These are the key concepts you need to understand to accurately answer the question.

Circular Motion in Magnetic Fields
When a charged particle enters a magnetic field perpendicularly, it experiences a force that causes it to move in a circular path. The magnetic field doesn’t change the speed of the particle, only its direction, thus creating circular motion. This is because the magnetic force is always perpendicular to the velocity of the particle, which is a necessary condition for circular motion.
  • The path of motion remains circular as long as the magnetic force is perpendicular to velocity.
  • The radius of this circular path is determined by the balance of this magnetic force and the centripetal force needed for circular motion.
  • The speed of the particle doesn’t change even though its direction does.

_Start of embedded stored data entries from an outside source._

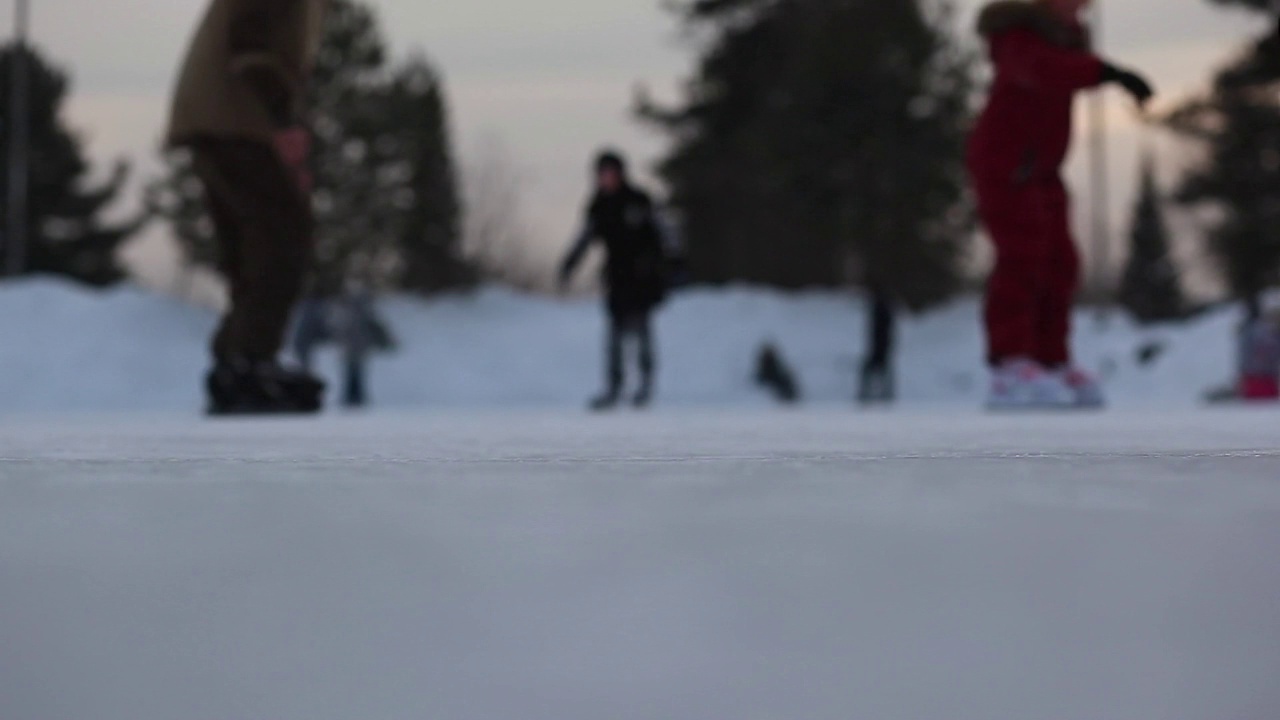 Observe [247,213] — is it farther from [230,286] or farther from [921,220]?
[921,220]

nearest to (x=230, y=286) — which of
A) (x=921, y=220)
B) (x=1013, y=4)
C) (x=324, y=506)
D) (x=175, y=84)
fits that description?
(x=175, y=84)

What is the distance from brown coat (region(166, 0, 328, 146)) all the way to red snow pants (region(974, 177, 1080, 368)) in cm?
244

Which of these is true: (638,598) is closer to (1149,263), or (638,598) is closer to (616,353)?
(616,353)

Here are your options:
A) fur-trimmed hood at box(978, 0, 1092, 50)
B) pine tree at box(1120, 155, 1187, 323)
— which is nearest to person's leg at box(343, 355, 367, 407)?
fur-trimmed hood at box(978, 0, 1092, 50)

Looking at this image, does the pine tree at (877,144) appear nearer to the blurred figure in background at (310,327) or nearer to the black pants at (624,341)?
the blurred figure in background at (310,327)

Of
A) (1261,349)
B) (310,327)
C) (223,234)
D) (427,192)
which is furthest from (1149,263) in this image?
(223,234)

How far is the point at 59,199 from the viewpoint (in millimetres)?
35844

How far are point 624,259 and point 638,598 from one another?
7001 millimetres

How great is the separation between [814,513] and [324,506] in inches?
19.2

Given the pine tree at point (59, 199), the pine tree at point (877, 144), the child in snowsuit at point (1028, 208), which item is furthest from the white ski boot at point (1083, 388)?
the pine tree at point (59, 199)

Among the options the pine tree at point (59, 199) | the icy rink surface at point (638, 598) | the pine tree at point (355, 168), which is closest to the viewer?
the icy rink surface at point (638, 598)

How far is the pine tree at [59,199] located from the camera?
116 ft

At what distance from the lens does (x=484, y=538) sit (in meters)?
1.53

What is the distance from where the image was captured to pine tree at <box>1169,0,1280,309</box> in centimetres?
2827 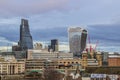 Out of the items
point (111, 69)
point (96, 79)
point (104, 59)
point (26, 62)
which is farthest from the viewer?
point (104, 59)

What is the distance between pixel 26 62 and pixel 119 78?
73400 millimetres

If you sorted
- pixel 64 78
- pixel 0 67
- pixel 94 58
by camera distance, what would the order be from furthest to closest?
pixel 94 58, pixel 0 67, pixel 64 78

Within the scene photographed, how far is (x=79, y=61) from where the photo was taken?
6353 inches

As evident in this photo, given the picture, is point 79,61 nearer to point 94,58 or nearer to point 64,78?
point 94,58

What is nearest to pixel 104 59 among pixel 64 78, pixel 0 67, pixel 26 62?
pixel 26 62

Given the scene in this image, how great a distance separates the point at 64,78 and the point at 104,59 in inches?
3785

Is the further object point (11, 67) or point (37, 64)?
point (37, 64)

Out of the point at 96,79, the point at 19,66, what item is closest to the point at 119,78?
the point at 96,79

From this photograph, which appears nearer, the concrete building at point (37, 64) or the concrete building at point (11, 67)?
the concrete building at point (11, 67)

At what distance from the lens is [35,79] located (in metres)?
102

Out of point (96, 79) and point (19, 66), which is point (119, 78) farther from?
point (19, 66)

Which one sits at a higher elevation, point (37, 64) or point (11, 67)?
point (37, 64)

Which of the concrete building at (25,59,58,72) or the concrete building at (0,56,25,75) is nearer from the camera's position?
the concrete building at (0,56,25,75)

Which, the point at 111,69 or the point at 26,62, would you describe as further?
the point at 26,62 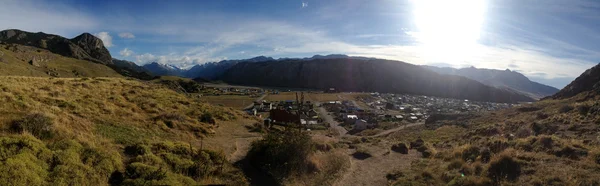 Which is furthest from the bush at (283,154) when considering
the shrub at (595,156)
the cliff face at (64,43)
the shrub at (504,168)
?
the cliff face at (64,43)

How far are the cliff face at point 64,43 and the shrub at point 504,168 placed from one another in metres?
177

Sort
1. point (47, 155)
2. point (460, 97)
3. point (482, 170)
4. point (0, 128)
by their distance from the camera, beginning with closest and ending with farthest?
point (47, 155)
point (0, 128)
point (482, 170)
point (460, 97)

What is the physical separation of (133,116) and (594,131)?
31566 mm

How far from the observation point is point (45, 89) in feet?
71.8

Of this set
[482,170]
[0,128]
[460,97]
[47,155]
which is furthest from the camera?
[460,97]

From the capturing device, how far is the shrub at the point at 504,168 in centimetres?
1131

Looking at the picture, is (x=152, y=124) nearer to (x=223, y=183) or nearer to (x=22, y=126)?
(x=22, y=126)

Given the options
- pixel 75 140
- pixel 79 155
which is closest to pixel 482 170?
pixel 79 155

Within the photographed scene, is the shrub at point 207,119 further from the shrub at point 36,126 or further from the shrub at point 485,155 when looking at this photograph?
the shrub at point 485,155

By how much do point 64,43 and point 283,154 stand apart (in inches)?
7519

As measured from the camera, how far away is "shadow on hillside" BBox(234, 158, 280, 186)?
1285 cm

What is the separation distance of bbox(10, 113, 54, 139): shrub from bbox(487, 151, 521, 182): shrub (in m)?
16.7

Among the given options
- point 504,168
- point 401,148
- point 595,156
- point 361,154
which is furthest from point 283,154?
point 595,156

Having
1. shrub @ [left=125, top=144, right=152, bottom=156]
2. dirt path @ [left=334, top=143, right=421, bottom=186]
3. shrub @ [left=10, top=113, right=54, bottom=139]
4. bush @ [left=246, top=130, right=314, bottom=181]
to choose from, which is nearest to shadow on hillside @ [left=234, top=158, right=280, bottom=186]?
bush @ [left=246, top=130, right=314, bottom=181] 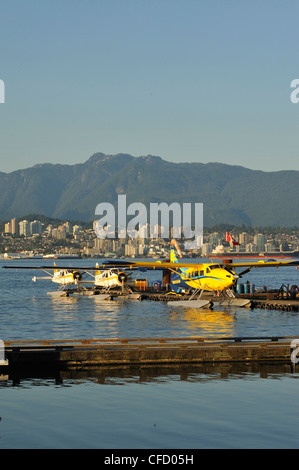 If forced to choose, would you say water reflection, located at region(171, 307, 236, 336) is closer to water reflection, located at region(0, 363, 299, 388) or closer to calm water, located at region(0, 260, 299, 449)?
water reflection, located at region(0, 363, 299, 388)

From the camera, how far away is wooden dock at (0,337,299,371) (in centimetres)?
3030

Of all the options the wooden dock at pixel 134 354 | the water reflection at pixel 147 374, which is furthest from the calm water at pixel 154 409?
the wooden dock at pixel 134 354

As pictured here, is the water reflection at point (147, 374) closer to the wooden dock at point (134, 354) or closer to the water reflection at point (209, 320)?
the wooden dock at point (134, 354)

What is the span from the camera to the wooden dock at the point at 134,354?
99.4 ft

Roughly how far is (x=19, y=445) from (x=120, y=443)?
2681 mm

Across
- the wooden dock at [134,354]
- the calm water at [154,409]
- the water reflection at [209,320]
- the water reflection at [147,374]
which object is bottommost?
the water reflection at [209,320]

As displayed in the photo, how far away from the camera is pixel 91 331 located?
5012cm

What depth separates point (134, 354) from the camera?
31078 millimetres

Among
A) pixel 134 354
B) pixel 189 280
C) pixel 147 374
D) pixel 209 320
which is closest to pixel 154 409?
pixel 147 374

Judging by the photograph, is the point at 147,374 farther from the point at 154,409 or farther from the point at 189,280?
the point at 189,280

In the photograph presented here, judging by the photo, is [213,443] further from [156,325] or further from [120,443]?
[156,325]

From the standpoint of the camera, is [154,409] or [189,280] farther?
[189,280]

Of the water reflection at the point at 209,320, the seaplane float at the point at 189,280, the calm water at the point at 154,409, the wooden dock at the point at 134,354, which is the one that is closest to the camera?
the calm water at the point at 154,409

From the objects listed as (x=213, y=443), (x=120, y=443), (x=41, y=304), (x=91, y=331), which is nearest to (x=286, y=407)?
(x=213, y=443) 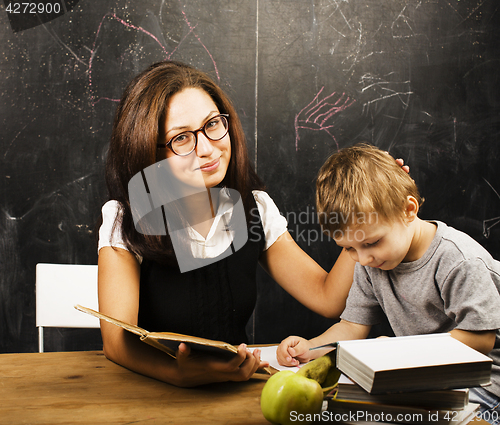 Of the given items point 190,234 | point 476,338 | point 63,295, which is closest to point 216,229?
point 190,234

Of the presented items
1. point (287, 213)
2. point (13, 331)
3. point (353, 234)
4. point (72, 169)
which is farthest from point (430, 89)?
point (13, 331)

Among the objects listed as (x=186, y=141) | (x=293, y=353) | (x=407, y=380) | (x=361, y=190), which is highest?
(x=186, y=141)

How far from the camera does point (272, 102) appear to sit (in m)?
2.15

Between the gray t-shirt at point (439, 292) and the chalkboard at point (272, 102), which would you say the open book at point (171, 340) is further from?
the chalkboard at point (272, 102)

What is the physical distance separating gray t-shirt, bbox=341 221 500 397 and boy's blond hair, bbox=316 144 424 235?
12cm

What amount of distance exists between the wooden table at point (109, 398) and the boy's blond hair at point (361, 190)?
0.36m

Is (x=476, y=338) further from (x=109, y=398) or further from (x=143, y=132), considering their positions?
(x=143, y=132)

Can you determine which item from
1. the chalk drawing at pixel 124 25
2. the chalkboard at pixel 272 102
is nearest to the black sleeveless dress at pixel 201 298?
the chalkboard at pixel 272 102

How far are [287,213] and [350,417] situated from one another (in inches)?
66.6

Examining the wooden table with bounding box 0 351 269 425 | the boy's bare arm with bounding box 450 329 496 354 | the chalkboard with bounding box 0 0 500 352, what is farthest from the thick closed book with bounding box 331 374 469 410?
the chalkboard with bounding box 0 0 500 352

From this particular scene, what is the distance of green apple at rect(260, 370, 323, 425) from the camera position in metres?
0.51

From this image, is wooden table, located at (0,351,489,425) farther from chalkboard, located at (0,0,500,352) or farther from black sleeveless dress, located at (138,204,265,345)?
chalkboard, located at (0,0,500,352)

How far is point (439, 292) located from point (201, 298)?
593 mm

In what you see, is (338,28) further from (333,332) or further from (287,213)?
(333,332) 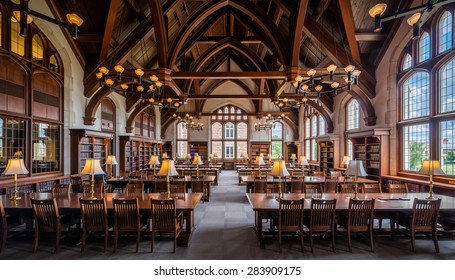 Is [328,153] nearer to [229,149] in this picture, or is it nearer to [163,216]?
[229,149]

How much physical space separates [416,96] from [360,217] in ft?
17.7

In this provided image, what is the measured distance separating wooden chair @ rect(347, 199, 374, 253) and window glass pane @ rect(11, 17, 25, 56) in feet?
29.0

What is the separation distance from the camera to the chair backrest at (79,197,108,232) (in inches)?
149

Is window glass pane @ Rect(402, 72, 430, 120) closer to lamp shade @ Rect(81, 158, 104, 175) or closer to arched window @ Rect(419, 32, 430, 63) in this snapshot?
arched window @ Rect(419, 32, 430, 63)

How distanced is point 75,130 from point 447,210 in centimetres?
1018

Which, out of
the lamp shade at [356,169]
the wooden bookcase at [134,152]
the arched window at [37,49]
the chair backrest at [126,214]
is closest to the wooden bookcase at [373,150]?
the lamp shade at [356,169]

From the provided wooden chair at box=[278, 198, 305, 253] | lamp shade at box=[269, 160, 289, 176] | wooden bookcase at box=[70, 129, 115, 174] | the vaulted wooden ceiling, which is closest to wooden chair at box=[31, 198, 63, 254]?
wooden chair at box=[278, 198, 305, 253]

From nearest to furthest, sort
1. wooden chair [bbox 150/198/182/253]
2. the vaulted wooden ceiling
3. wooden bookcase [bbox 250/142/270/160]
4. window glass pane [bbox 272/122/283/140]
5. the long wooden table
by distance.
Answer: wooden chair [bbox 150/198/182/253], the long wooden table, the vaulted wooden ceiling, wooden bookcase [bbox 250/142/270/160], window glass pane [bbox 272/122/283/140]

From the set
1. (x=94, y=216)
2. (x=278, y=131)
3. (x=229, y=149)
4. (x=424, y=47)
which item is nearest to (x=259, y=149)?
(x=278, y=131)

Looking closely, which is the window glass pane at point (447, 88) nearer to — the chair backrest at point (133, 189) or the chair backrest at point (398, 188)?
the chair backrest at point (398, 188)

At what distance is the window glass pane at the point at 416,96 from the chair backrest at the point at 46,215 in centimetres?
917

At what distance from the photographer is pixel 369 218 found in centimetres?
388

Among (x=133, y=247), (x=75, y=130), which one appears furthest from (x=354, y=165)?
(x=75, y=130)

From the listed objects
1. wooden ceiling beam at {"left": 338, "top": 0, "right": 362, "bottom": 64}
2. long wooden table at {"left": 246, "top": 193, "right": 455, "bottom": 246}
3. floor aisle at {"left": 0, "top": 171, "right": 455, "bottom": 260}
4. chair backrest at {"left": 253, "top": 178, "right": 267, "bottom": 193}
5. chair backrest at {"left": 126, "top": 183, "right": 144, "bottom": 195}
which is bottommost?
floor aisle at {"left": 0, "top": 171, "right": 455, "bottom": 260} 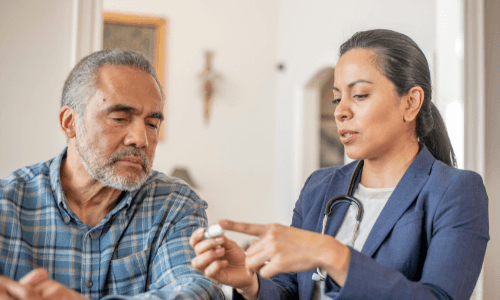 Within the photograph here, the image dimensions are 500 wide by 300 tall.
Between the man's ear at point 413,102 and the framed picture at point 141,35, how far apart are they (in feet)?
14.5

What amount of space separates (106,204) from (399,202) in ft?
3.44

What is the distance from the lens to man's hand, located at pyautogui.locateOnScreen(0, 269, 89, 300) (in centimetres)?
105

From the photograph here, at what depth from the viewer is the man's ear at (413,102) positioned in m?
1.52

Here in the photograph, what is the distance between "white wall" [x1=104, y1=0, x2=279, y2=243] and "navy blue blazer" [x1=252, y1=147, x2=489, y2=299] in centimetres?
426

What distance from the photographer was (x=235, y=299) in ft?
4.64

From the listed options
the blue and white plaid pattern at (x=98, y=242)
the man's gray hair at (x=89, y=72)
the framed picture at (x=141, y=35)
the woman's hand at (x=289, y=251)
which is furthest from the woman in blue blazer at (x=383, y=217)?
the framed picture at (x=141, y=35)

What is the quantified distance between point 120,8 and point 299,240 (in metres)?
5.23

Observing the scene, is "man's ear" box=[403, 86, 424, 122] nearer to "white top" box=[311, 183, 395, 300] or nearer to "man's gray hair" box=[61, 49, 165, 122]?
"white top" box=[311, 183, 395, 300]

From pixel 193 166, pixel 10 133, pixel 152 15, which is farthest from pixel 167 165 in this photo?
pixel 10 133

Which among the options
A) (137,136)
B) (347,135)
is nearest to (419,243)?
Result: (347,135)

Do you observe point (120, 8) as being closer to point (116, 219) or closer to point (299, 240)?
point (116, 219)

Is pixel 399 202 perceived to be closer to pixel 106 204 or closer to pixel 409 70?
pixel 409 70

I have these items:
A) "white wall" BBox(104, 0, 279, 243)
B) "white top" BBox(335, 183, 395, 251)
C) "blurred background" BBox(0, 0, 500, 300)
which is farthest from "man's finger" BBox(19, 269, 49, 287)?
"white wall" BBox(104, 0, 279, 243)

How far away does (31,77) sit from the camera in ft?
6.05
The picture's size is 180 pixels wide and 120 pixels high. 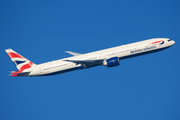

For instance, if a particle completes one-quarter of a circle in a given time, you can calculate the radius of the full path using the relationship between time, speed, and radius. The calculation here requires the known speed and time, which allows us to find how large the circle would be if it were completed.
Lorentz Force
The Lorentz Force is the principle that describes the magnetic force exerted on a moving charged particle in a magnetic field. The magnetic force \( F \) is calculated by the formula:\[ F = qvB \]where:- \( q \) is the charge of the particle, - \( v \) is its velocity, - \( B \) is the magnetic field strength.Since force is directed perpendicular to the motion in a uniform magnetic field, this is what causes circular motion. In our exercise, by recognizing that the magnetic and centripetal forces are equal, we equate them:\[ qvB = \frac{mv^2}{r} \]From this formula, we can find the magnetic force \( F \) exerted on the particle by rearranging it in terms of the given mass \( m \), speed \( v \), and radius \( r \).This force calculation is vital to understanding the dynamics of charged particles moving through magnetic fields in applications such as cyclotrons and other particle accelerators.
Charge Calculation
Once the magnetic force on the particle is calculated, determining the charge \( q \) of a particle becomes straightforward using rearranged Lorentz force equations. Given the magnetic force formula \( F = qvB \), solving for the charge gives:\[ q = \frac{F}{vB} \]Where:
  • \( F \) is the magnitude of the magnetic force obtained previously,
  • \( v \) is the velocity of the particle, and
  • \( B \) is the magnetic field strength.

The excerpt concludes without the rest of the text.